Here is a step-by-step installation video.

Tips

  1. In the image above, the three innet machines' hostname are alpha, beta and gamma. You can change them to whatever you like.
  2. Sometimes the system may get stuck when reboots after completing installation, in such rare cases, just press the reboot button on the back of the server for more than 10 seconds and restart the system.
  3. During the installation, we need configured network of losalamos with eth1 and we don't need to configure the network of three innet machines during the install process. Thus when installing Ubuntu on the three innet machines, you can either chose eth0 or eth1 during network configuration step, and it will eventually show "network auto configuration failed", just ignore and continue.
  4. You probably want to install the OpenSSH during installation, so that you can then connect to the server using terminal in your own laptops.

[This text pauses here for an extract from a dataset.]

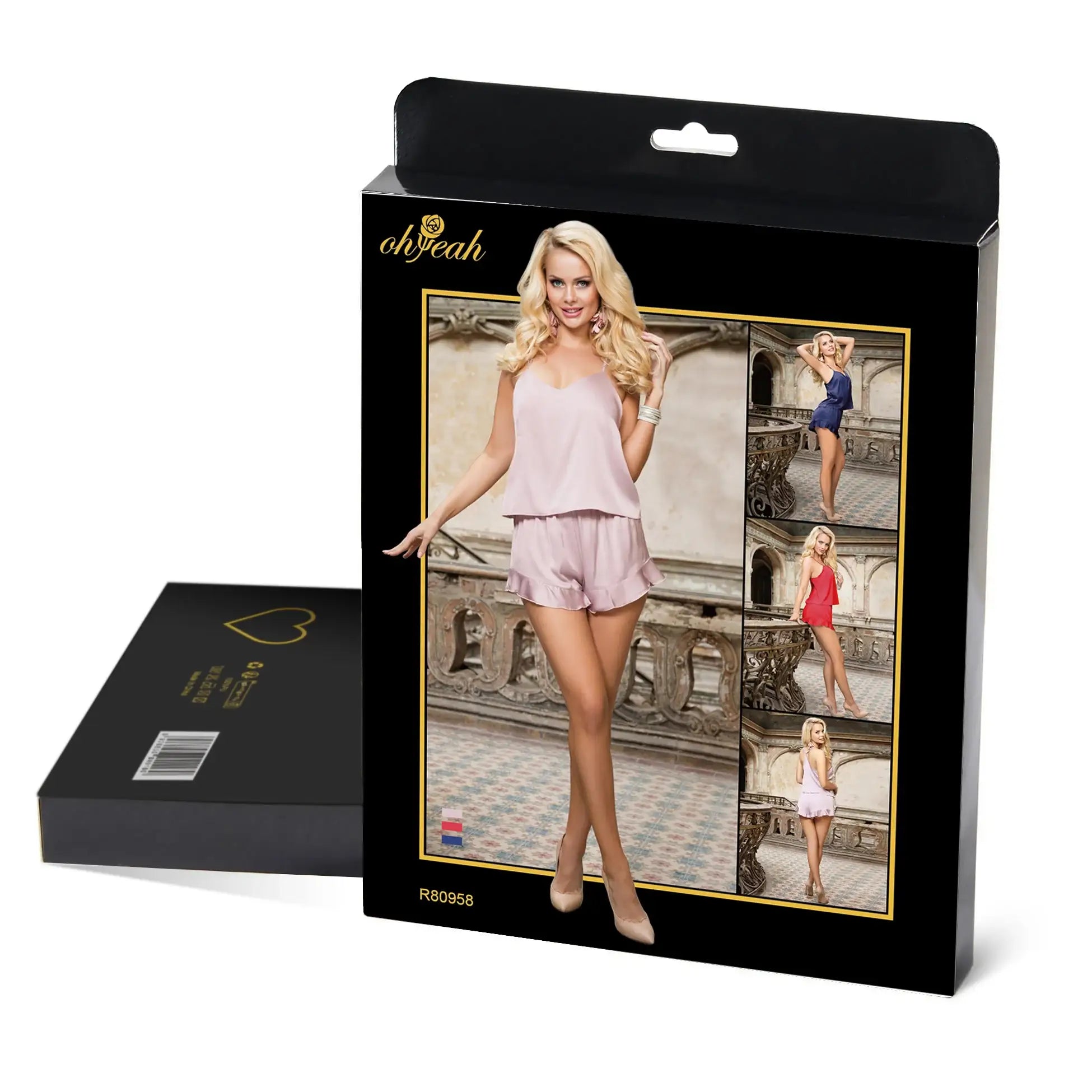 Cami Set - 2 Pcs Satin Chiffon Sleepwear with Short Pants - Frisky Business Adult Sex Toys Shop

If you choose not to update the server automatically when you install the server, you might need to install the OpenSSH using sudo apt-get install openssh-server. If you still cannot install OpenSSH, please refer to Here.
  5. The openssh-server should be installed on all of the four machines for ssh to function properly, try apt-get update before install openssh-server.
  6. losalamos should have access to the internet already after installation. Using ping google.com or ping + other known IP address to check the connection.
  7. You need to choose unmount the disk partition before installation step. Choose the guided use entire disk, if there is multiple partition selections, just take the default one. If you get a note like this: "Note that all data on the disk you select will be erased, but not before you confirm that you really want to make changes. Select disk to partition:" and select "SCSI3 (2,0,0) (sda) - 72.7 GB DELL PERC 5/i"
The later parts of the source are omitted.